OPINION AND ORDER GRANTING DEFENDANTS’ MOTION FOR SUMMARY JUDGMENT ON COUNT I AND DISMISSING PLAINTIFF'S STATE-LAW CLAIMS WITHOUT PREJUDICE
This matter is presently before the Court on defendants’ motion for summary judgment [docket entry 29]. Plaintiff has filed a response in opposition, defendants have filed reply, and plaintiff has filed a sur-reply. Pursuant to E.D. Mich. 7.1(f)(2), the Court shall decide this motion without a hearing. For the reasons stated below, the Court shall grant the motion as to plaintiff's federal claim and dismiss plaintiff's state-law claims without prejudice.

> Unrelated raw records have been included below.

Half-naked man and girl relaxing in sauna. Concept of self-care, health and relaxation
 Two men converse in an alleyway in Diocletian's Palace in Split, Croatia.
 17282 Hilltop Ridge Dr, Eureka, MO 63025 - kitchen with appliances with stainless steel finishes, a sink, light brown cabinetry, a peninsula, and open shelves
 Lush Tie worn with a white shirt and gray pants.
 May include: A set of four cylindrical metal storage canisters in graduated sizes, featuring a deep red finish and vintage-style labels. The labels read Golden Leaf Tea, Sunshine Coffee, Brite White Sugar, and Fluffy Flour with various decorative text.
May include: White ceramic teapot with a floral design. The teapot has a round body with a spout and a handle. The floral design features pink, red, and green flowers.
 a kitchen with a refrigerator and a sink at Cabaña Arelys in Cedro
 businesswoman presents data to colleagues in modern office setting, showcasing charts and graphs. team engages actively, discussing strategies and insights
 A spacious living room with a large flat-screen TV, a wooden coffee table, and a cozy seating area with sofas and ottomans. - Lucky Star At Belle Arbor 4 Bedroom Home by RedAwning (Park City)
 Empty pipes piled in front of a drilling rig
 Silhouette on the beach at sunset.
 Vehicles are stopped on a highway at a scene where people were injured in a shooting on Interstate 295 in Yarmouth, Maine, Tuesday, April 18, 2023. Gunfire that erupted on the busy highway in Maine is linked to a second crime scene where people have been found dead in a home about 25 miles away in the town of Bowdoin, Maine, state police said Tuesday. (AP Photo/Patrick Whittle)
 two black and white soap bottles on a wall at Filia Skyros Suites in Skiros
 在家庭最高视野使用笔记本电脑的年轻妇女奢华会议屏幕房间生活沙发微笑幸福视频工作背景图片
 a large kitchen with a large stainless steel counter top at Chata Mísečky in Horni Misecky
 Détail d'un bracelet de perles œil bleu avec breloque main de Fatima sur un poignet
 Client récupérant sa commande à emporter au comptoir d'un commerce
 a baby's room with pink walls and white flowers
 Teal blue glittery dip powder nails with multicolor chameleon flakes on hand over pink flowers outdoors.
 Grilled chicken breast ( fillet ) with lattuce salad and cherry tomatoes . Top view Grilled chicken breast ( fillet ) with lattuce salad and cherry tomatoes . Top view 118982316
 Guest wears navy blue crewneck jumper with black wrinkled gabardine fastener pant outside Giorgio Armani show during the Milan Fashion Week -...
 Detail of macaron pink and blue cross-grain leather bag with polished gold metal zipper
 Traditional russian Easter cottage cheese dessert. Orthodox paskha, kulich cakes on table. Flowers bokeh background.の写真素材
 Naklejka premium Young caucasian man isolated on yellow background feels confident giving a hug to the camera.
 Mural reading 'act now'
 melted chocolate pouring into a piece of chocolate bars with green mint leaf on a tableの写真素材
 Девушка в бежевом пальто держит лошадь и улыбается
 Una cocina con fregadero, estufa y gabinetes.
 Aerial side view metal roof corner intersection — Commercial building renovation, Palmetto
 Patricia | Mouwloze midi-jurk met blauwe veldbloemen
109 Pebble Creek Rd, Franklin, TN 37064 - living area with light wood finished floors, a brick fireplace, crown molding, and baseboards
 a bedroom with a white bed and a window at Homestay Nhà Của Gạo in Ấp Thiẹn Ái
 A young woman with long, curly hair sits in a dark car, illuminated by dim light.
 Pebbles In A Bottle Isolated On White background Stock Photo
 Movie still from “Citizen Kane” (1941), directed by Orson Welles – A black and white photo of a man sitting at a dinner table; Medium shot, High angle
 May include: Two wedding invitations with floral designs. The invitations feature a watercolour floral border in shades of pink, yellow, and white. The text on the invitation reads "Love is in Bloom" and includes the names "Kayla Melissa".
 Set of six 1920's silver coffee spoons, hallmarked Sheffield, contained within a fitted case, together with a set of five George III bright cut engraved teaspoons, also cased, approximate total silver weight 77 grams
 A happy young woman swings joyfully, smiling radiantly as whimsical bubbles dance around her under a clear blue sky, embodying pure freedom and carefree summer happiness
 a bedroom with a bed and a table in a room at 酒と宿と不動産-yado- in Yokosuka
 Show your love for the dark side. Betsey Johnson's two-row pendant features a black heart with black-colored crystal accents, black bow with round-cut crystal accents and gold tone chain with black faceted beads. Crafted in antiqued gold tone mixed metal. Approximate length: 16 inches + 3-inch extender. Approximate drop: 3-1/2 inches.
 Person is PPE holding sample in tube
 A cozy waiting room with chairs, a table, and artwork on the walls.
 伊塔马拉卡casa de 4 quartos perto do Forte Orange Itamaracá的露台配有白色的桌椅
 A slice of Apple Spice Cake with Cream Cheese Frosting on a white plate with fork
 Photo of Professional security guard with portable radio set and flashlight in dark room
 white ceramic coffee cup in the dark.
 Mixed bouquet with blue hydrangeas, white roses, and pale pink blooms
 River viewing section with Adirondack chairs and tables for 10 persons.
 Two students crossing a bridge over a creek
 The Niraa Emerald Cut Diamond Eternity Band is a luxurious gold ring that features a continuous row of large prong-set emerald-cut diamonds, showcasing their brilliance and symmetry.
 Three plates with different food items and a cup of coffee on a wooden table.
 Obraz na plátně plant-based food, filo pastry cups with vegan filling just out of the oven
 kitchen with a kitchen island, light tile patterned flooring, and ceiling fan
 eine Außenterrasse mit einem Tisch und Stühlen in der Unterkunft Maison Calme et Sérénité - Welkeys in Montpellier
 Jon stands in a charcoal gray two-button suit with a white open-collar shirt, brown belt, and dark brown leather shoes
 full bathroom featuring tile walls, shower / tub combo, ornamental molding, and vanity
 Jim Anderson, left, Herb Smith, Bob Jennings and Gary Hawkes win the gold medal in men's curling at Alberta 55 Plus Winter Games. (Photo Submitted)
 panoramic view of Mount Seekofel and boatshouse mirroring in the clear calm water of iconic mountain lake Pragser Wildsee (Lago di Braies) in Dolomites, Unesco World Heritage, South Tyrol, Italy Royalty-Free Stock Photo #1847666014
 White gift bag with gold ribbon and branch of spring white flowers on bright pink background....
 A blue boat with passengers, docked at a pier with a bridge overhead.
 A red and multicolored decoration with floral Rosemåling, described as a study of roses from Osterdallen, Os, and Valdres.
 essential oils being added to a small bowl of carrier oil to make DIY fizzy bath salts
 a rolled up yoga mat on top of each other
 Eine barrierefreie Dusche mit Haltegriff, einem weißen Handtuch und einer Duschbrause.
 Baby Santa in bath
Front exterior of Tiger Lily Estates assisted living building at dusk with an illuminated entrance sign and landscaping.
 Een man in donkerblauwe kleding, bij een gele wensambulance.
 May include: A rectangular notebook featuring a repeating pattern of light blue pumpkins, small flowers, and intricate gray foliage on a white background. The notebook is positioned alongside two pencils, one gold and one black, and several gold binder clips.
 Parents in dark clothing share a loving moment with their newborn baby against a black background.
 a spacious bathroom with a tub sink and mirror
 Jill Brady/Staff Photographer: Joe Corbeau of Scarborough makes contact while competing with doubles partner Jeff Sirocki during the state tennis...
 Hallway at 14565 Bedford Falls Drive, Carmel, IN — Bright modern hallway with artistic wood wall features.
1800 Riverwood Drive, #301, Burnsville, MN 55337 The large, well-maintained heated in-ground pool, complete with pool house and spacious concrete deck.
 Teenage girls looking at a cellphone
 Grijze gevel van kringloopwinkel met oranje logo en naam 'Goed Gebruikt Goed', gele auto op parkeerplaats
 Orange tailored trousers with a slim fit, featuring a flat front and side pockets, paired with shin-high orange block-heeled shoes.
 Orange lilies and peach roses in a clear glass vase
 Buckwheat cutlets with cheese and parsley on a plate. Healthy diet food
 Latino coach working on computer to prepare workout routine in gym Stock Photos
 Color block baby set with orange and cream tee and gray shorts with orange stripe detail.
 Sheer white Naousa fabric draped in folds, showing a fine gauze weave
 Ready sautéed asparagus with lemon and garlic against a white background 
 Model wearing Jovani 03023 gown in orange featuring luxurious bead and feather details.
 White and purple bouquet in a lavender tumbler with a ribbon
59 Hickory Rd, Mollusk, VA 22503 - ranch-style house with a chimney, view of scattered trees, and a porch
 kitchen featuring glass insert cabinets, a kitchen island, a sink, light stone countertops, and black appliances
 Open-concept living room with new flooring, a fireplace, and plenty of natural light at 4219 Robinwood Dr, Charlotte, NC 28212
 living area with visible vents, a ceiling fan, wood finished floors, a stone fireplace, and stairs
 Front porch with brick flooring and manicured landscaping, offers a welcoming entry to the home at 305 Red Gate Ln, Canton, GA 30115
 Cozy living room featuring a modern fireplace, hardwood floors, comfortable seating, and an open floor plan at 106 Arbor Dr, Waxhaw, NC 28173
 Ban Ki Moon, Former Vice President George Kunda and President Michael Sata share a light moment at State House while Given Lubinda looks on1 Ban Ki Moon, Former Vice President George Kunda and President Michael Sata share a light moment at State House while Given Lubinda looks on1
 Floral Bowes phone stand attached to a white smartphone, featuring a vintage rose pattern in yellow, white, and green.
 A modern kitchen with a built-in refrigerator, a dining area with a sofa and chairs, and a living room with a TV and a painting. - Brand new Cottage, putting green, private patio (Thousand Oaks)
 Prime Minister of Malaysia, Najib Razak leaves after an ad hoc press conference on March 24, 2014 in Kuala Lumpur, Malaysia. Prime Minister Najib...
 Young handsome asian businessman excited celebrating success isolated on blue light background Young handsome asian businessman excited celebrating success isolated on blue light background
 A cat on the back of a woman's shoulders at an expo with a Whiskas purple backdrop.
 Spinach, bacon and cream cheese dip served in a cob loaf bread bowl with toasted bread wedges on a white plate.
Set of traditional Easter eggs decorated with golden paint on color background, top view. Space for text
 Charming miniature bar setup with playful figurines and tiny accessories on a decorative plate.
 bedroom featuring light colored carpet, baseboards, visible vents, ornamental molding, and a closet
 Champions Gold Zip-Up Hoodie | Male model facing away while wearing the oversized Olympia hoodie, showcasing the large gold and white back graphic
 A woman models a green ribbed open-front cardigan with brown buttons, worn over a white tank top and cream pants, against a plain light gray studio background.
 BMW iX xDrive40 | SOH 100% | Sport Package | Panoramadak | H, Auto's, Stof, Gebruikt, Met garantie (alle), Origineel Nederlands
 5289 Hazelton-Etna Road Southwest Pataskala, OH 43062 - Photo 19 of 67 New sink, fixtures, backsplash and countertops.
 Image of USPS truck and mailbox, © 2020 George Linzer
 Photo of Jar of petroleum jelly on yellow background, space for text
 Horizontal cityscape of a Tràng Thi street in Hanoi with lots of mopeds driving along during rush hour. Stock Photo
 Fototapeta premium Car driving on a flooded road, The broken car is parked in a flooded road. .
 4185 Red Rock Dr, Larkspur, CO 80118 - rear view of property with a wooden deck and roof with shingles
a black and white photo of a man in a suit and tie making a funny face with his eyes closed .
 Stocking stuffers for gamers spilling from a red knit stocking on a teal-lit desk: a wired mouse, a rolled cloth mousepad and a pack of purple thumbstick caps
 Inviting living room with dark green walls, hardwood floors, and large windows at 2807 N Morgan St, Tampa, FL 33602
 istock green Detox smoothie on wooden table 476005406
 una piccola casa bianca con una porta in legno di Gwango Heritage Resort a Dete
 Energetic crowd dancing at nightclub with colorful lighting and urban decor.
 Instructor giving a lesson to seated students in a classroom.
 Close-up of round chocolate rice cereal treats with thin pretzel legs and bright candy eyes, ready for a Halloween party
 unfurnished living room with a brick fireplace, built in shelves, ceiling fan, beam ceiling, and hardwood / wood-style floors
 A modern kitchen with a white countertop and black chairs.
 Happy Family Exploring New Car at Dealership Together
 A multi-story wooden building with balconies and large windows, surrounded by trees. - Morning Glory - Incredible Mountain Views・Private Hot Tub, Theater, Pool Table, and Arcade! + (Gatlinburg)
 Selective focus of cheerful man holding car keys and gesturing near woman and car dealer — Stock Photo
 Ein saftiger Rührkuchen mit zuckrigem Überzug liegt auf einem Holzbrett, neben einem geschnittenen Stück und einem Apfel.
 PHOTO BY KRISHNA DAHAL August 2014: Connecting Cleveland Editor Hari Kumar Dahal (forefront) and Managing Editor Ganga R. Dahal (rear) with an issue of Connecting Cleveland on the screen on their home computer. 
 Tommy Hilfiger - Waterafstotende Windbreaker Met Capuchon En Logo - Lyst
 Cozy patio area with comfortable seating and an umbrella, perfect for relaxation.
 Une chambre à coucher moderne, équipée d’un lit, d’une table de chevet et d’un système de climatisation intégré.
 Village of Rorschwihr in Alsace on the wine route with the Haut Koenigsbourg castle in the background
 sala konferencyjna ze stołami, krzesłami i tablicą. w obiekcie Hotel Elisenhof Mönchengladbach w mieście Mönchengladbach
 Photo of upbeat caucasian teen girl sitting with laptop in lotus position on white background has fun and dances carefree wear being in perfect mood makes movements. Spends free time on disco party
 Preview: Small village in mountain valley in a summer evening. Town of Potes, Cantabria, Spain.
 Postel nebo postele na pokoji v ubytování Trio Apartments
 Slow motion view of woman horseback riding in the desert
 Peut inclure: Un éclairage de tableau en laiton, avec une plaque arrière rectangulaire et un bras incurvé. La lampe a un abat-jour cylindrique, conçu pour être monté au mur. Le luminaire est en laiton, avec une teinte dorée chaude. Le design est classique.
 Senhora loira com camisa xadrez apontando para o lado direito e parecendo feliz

At all times relevant to this matter, plaintiff was an undergraduate student at University of Detroit Mercy and a member of its basketball team. The basis of plaintiff's complaint is an incident that occurred with the coach, Bacari Alexander, during a basketball practice on November 6, 2017. Plaintiff alleges that:
22. In response to a simple statement Plaintiff made to Defendant Alexander during the team huddle, Defendant Alexander turned to Plaintiff, aggressively grabbed his genitals through his pants so the outline could be seen while thrusting his hips in Plaintiff's direction, and yelled at Plaintiff, “suck my dick!”
23. Defendant Alexander stood only approximately three to five feet away from Plaintiff as he yelled and thrusted [sic] his hips—the outline of his genitals clearly visible—towards Plaintiff.
24. Plaintiff was shocked and embarrassed during this sexually-charged encounter, particularly as it occurred in front of all his teammates.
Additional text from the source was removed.